E, como diz a velha máxima “fecha-se uma porta, abre-se logo outra”. António Pepe, passado 8 dias encontrou a “Sapataria Oliveira, calça Lisboa inteira” e, lá ficou. “Depois, vi lá um homem com um casaco às costas todo enfarinhado e, depois disse assim: o meu amigo é padeiro?
– Sou. Sou amassador
Ah! Sabe, eu estava numa mercearia, mas agora não tenho trabalho, mas não me importava de ser padeiro. Disse assim o homem: vá lá ter com os meus patrões. Metem-no lá”.
Assim foi. “Estive lá… ainda entrei para a tropa. Na tropa era o 452”, diz-nos orgulhoso por ter dado nas vistas. A dada altura, “O tenente chama-me: oh, 452, então os colegas não me fazem continência e, és só tu?
- Oh, meu tenente eu chamo-os.
Oh, meninos andem cá. Então vocês não fazem continência ao tenente? Qualquer dia vão todos para a cadeia.
Ora, não passava um que não fizesse continência e, disse assim o tenente: Anda cá 452. Tu queres ir à tua terra? – Meu tenente, se me der autorização. Fui 15 dias à terra e, depois voltei”.
Terminada a tropa. O tio Pepe foi, novamente bafejado, com uma oferta de trabalho. “Diz assim um senhor: Oh, meu amigo você quer ganhar dinheiro?”
E, mais uma vez o tio Pepe não negou a oferta. “Oh, meu amigo, se quero. Eu não tenho dinheiro nenhum, saí da tropa”, respondeu.
“Então você vai um mês para um escritório que a gente tem” e, lá ficou.
Aos 80 anos, veio para a sua terra natal e deixou a vida de taxista, que exerceu desde 1930 a 1993. “Lá fui muito querido”, refere com alguma nostalgia.

“Naquele tempo, para se arranjar um conto de réis para pagar uma letra dos carros fartava-me de trabalhar”

Aos 66 anos de idade ficou viúvo. “Namorei 3 anos com ela.

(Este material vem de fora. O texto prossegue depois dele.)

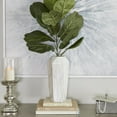 thumbnail image 2 of DecMode 14" Faux Marble White Ceramic Vase, 2 of 9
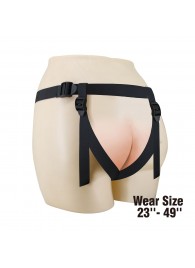 Черные трусики харнесс с платформой Caludio I - Baile - купить с доставкой в Туле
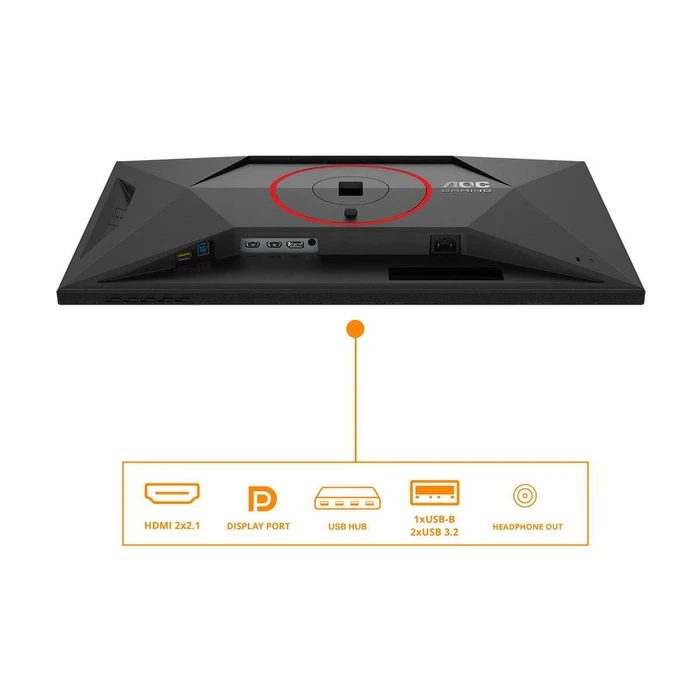 AOC Monitor Q27G4SRU 27 inch 320Hz Fast IPS QHD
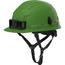 BOLT 4PT Custom Green Front Brim Non-Vented Safety Helmet - Type 2, Class E, 48-73-1527C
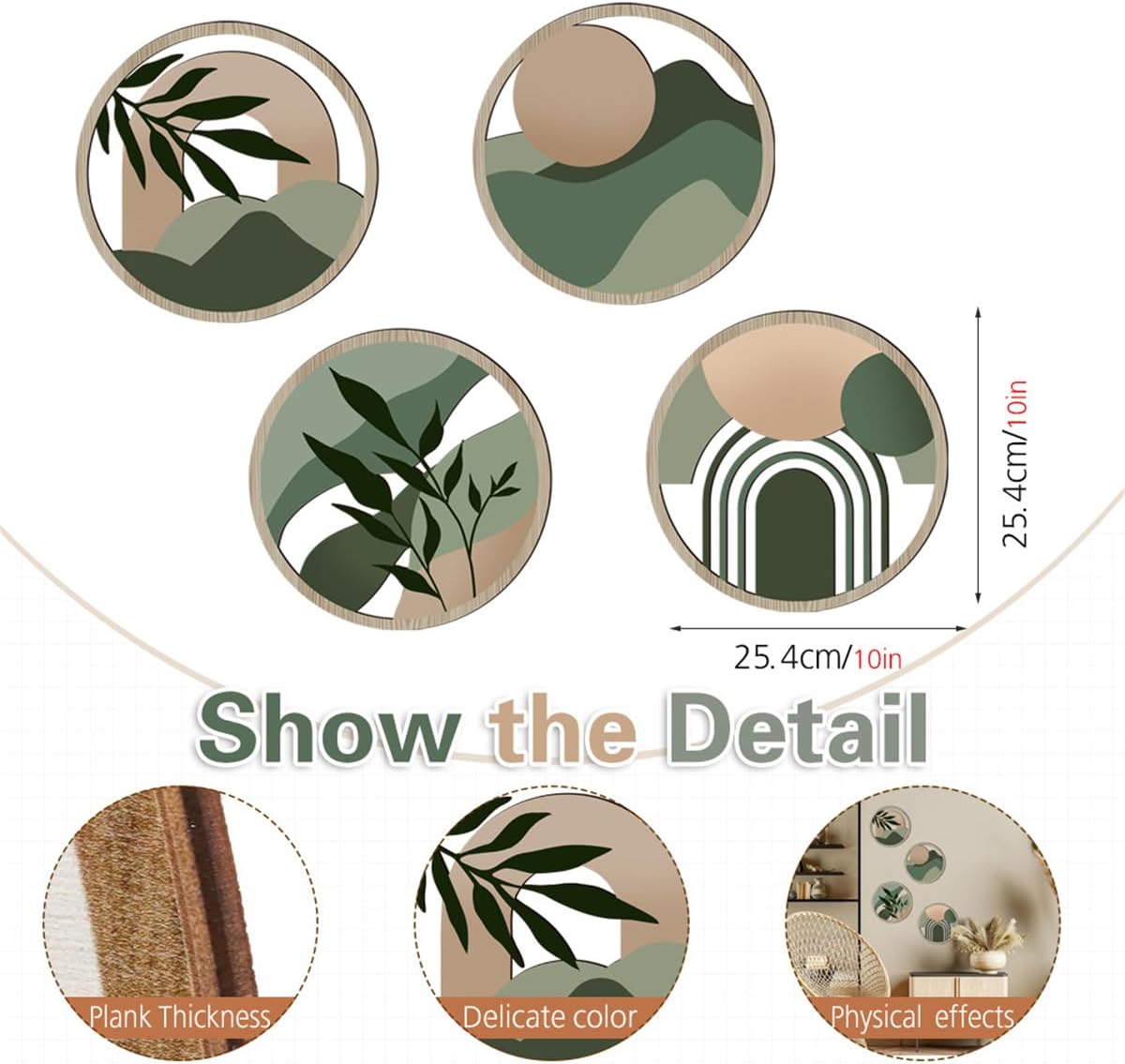 Price Xes Boho Wall Decor 4 Pcs Round Wall Art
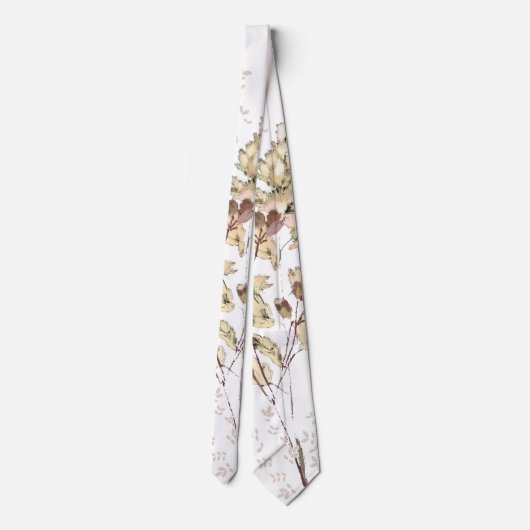 Cravate Mikitiez pisce nature selfloe fleur rose (Dos)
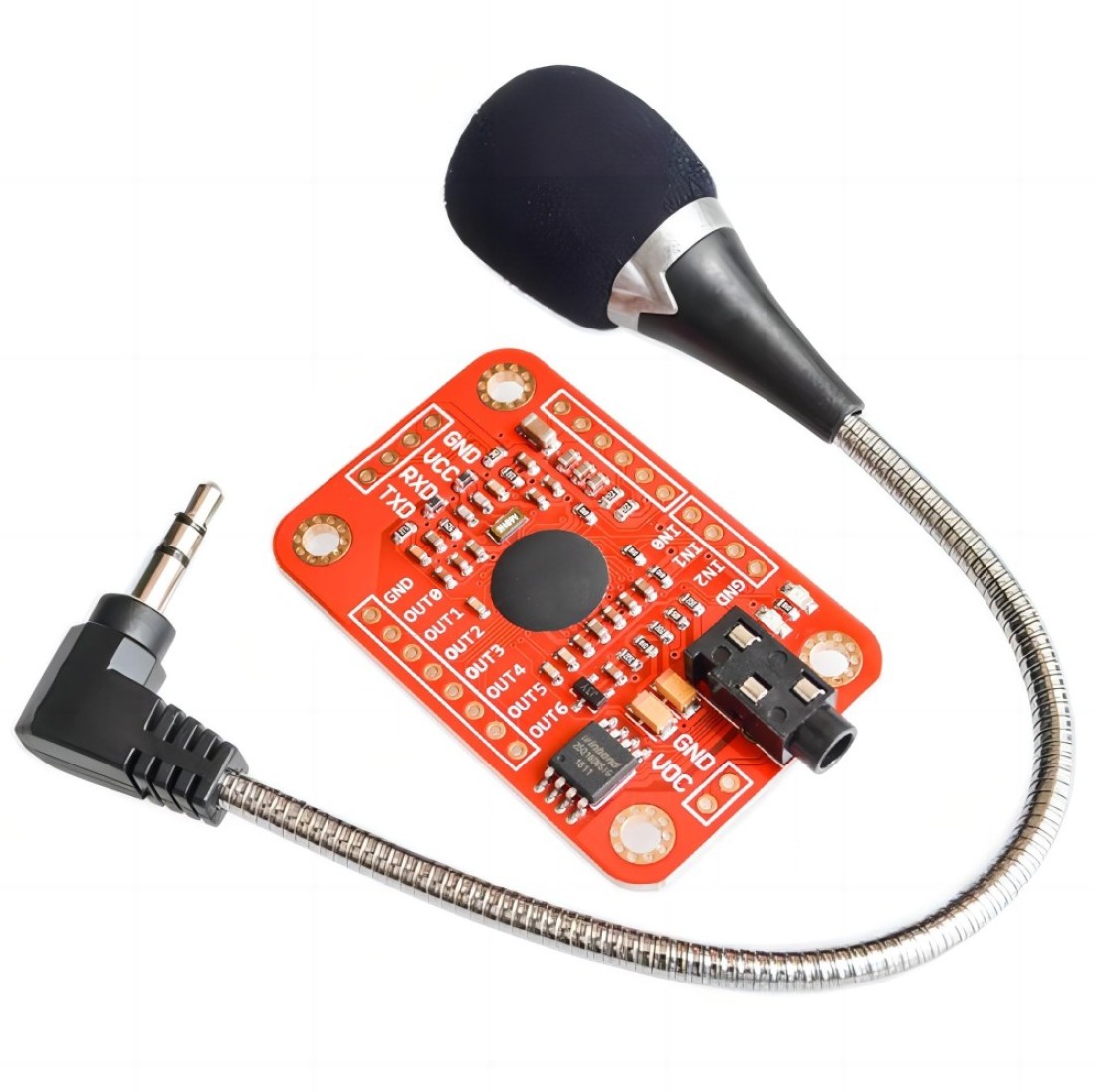 WWZMDiB Speak Recognition Voice Recognition Module V3 Voice recognitionArduinoCompatible Supports up to 80 Voice Commands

Nunca lhe dei um beijo se não quando me casei”. Hoje vive, com Olívia Simões, já “tem 17 anos comigo”.
Defensor de que hoje se está “a viver melhor”, aponta a sua vida como “cruel”. “Naquele tempo, para se arranjar um conto de réis para pagar uma letra dos carros fartava-me de trabalhar”.
Aos mais novos diz-lhes para não fumarem que é um veneno e, para não beberem enquanto trabalham. Talvez, seja esta a chave da longevidade. O que é certo é que António Pepe é uma verdadeira força da natureza, alegre, bem-disposto e com um coração enorme. É o orgulho dos seus sobrinhos e amigos. Um exemplo de vida.